_WHAT THE EXERCISE ASKS_.
Restate exactly, and only, the lines from the one with "Национальный Ботанический Сад" through the end of the data, with both of those end lines kept. Drop any pictures.

_DATA SECTION_.

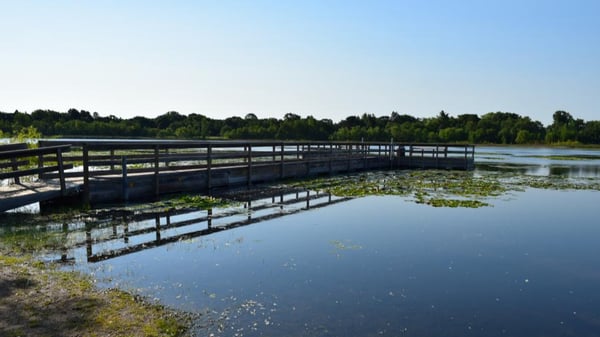 Picture for: Family Fishing Clinic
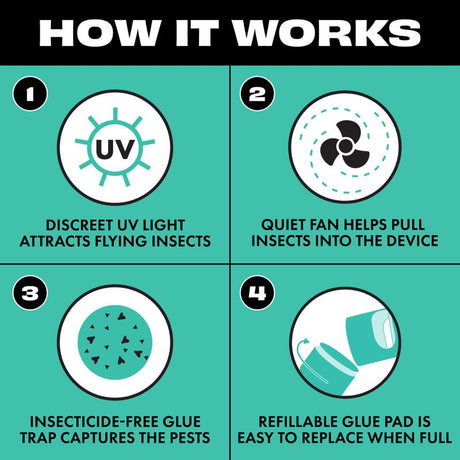 STEM Flying Insect Trap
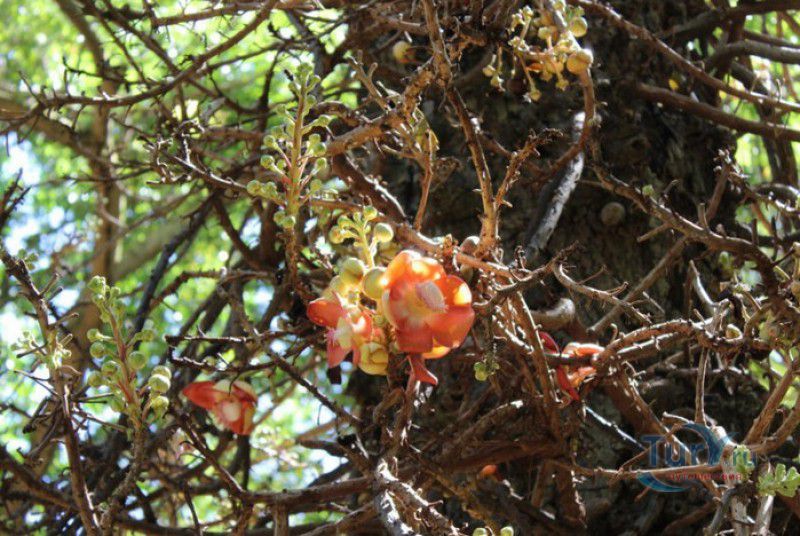 Национальный Ботанический Сад Сейшельских Островов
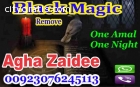 world famous astrologer Agha Zaidee 0092
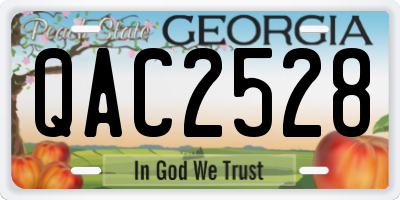 GA license plate QAC2528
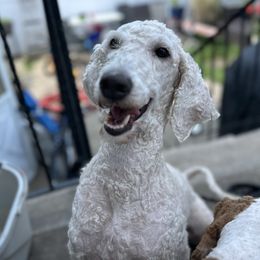 Raven - Goldendoodle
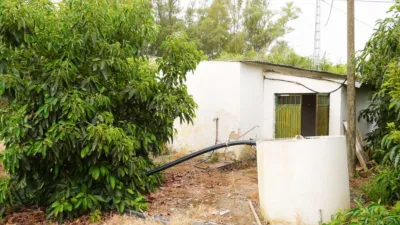 Rustic Finca in Coín photo 31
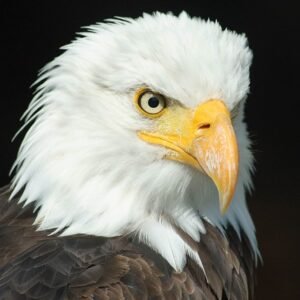 bald eagle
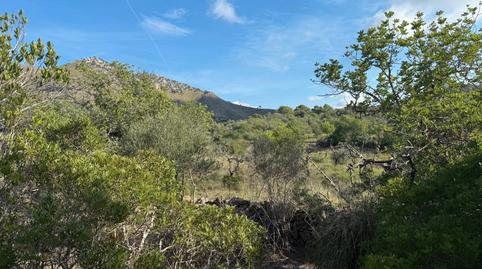 Foto 4 de Terreno en venta en Carrer de Sant Llorenç del Cardassar, 59, Artà Poble, Illes Balears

_SOLUTION FOR THIS EXERCISE_.
 Национальный Ботанический Сад Сейшельских Островов
 world famous astrologer Agha Zaidee 0092
 GA license plate QAC2528
 Raven - Goldendoodle
 Rustic Finca in Coín photo 31
 bald eagle
 Foto 4 de Terreno en venta en Carrer de Sant Llorenç del Cardassar, 59, Artà Poble, Illes Balears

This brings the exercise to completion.